Geloofsovergang Marchant

Marchant was naar eigen zeggen al jong aangetrokken tot het katholicisme. Tijdens de opkomst van het – in zijn ogen negatieve - communisme en nationaalsocialisme was Marchant op zoek naar een positieve tegenkracht.

In het katholicisme vond hij die positieve tegenhanger. In december 1934 liet Marchant zich daarom dopen. Dit hield hij geheim, zowel voor zijn partijgenoten als zijn eigen vrouw.

Dreigende kabinetscrisis

Ondanks de geheimhouding, klonk zijn katholieke overtuiging steeds meer terug in andere vraagstukken. Na Pasen in 1935 deden geruchten de ronde over zijn bekering. Marchant bleef echter ontkennen, ook tegenover partijgenoten zoals Oud.

Op 7 mei 1935, na aanhoudende geruchten, gaf Marchant tegenover de ministerraad toe bekeerd te zijn. Hij gaf ook aan de VBD te verlaten wegens de ‘inquisitoriale’ houding van de partij (partijleden hadden hem meermaals gevraagd op de geruchten te reageren). Marchant zag echter geen reden om als minister op te stappen.

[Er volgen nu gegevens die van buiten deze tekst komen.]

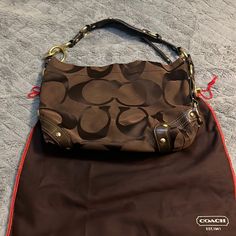 Amazing Chocolate Brown Cc Bag. Comes With Dust Bag Brown Coach, Chocolate Brown, Coach Bags, Satchel, Dust Bag, Bag Lady, Women Shopping, Color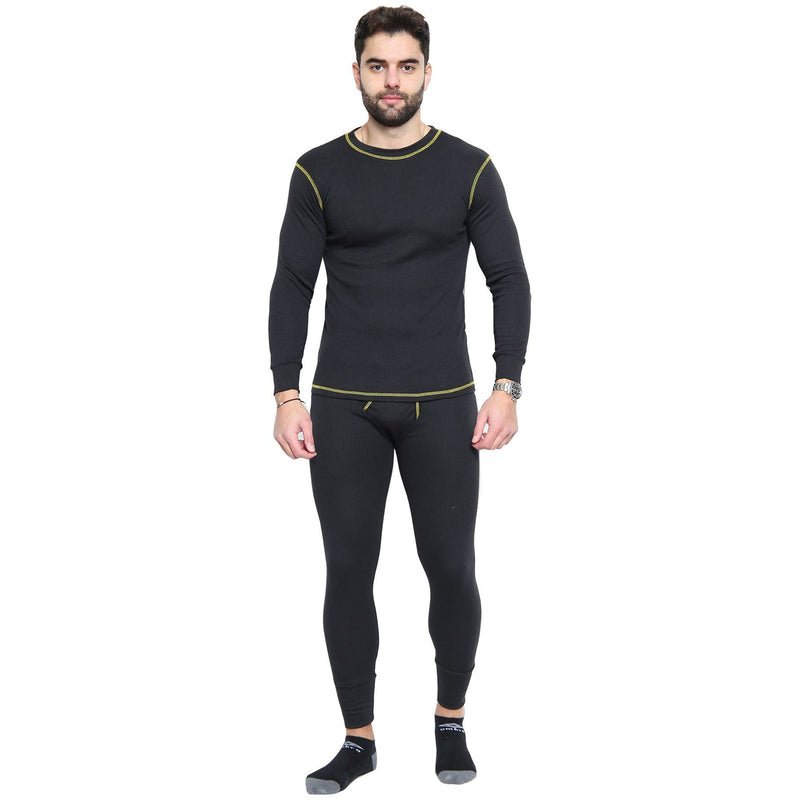 Mens Rough and Tough Thermal Long John BLACK (mixed Sizes) 3130 UK Camping And Leisure - Dynamic Drive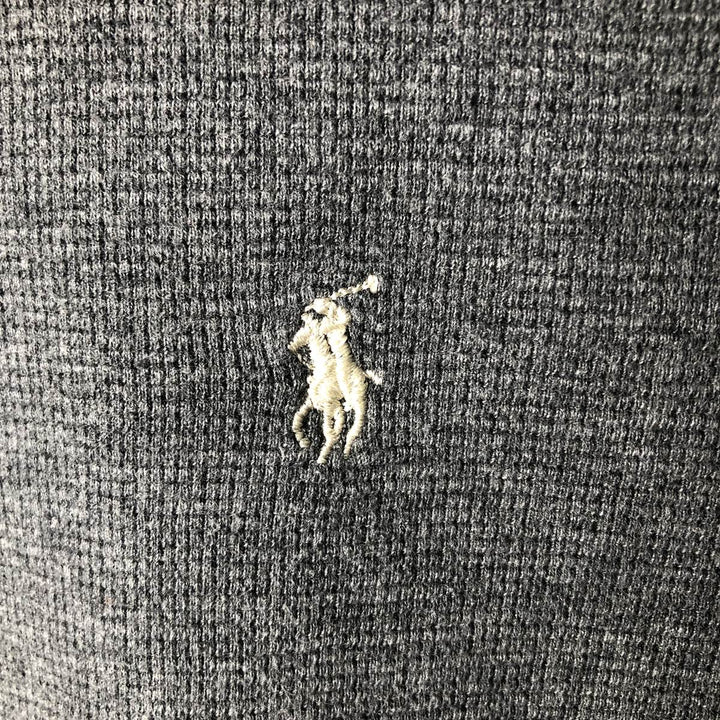 Ralph Lauren POLO RALPH LAUREN SLEEPWEAR Thermal Long T-Shirt, Men's Size Medium cotton gray type Vintage Second Hand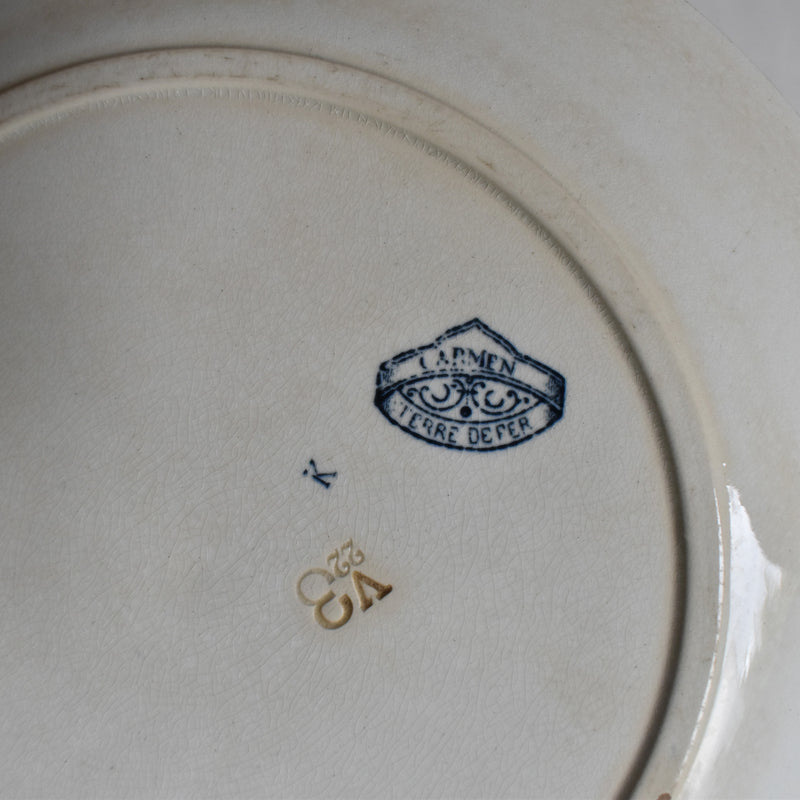 Antique Plate - U&C Sarreguemines "Carmen B"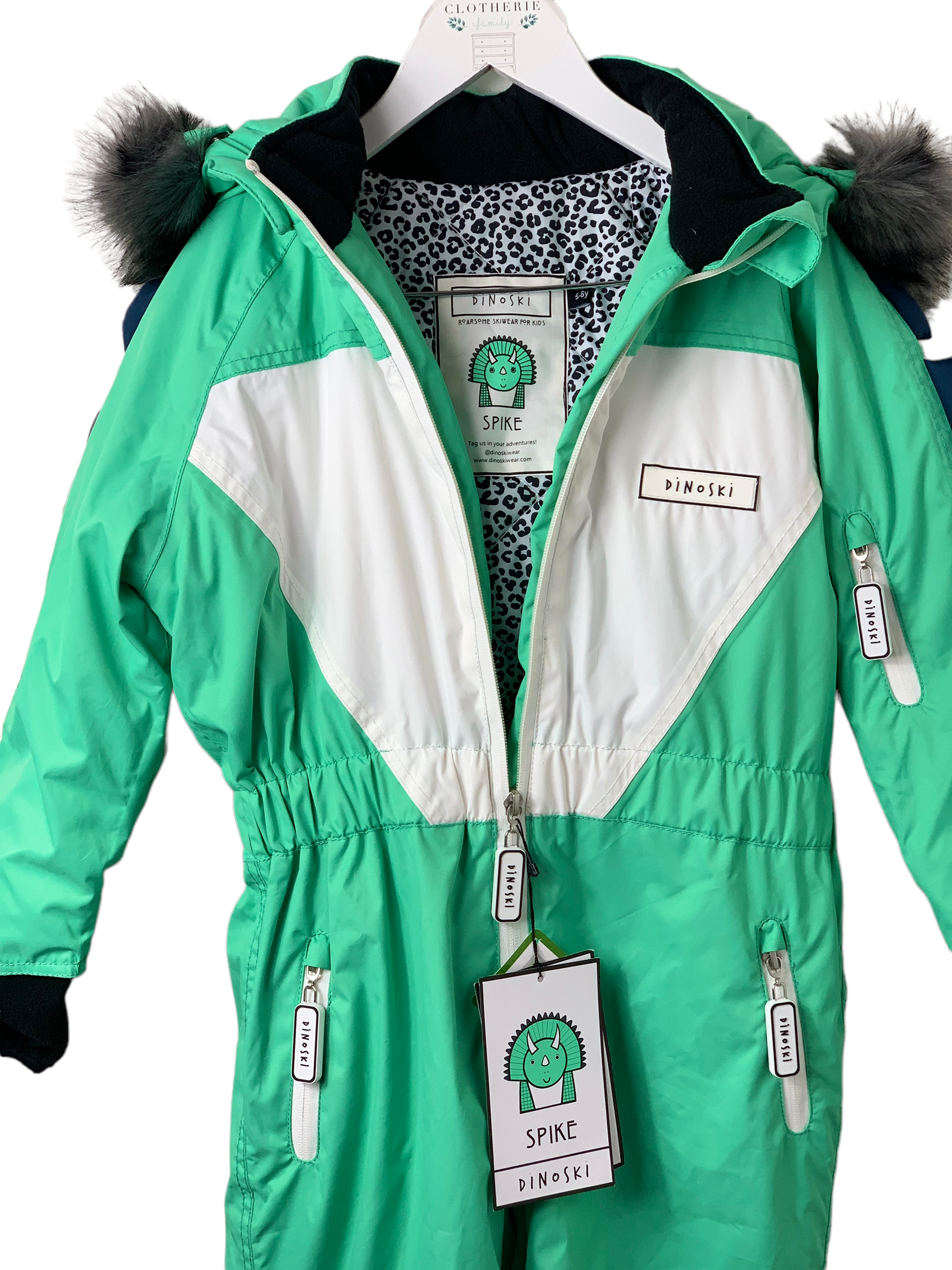 Combinaison ski DINOSKI Spike  5/6 ans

Oud deelde Colijn later schriftelijk mee dat als Marchant niet zou opstappen, het zelf te doen. Oud vond dat het ongeloofwaardig was geworden dat Marchant zou aanblijven als minister en dat de commotie de VDB in een onmogelijke (niet uit leggen) positie had gebracht.

Colijn voorzag ook dat Marchant na zijn bekering zou kunnen rekenen op een grote oppositie in het parlement. Colijn drong er daarom bij Marchant op aan af te treden. Op 11 mei vroeg Marchant aan koningin Wilhelmina om ontslag, wat hem 17 mei werd verleend.

Afloop

Pas na zijn aftreden werd publiek bekend dat hij bekeerd was, wat voor veel ophef zorgde. Marchant verliet na het aftreden definitief het politieke toneel. Hij verdedigde sindsdien in woord en geschrift het katholieke geloof en wees voortdurend op de gevaren van het nationaalsocialisme.

Het vertrek van Marchant viel bijna samen met het uitbreken van een kabinetscrisis. Na een korte formatie keerde het kabinet-Colijn terug. Hoewel dat Colijn III werd genoemd, was het feitelijk een reconstructie. De VDB leverde in Colijn III met M. Slingenberg de minister van Sociale Zaken.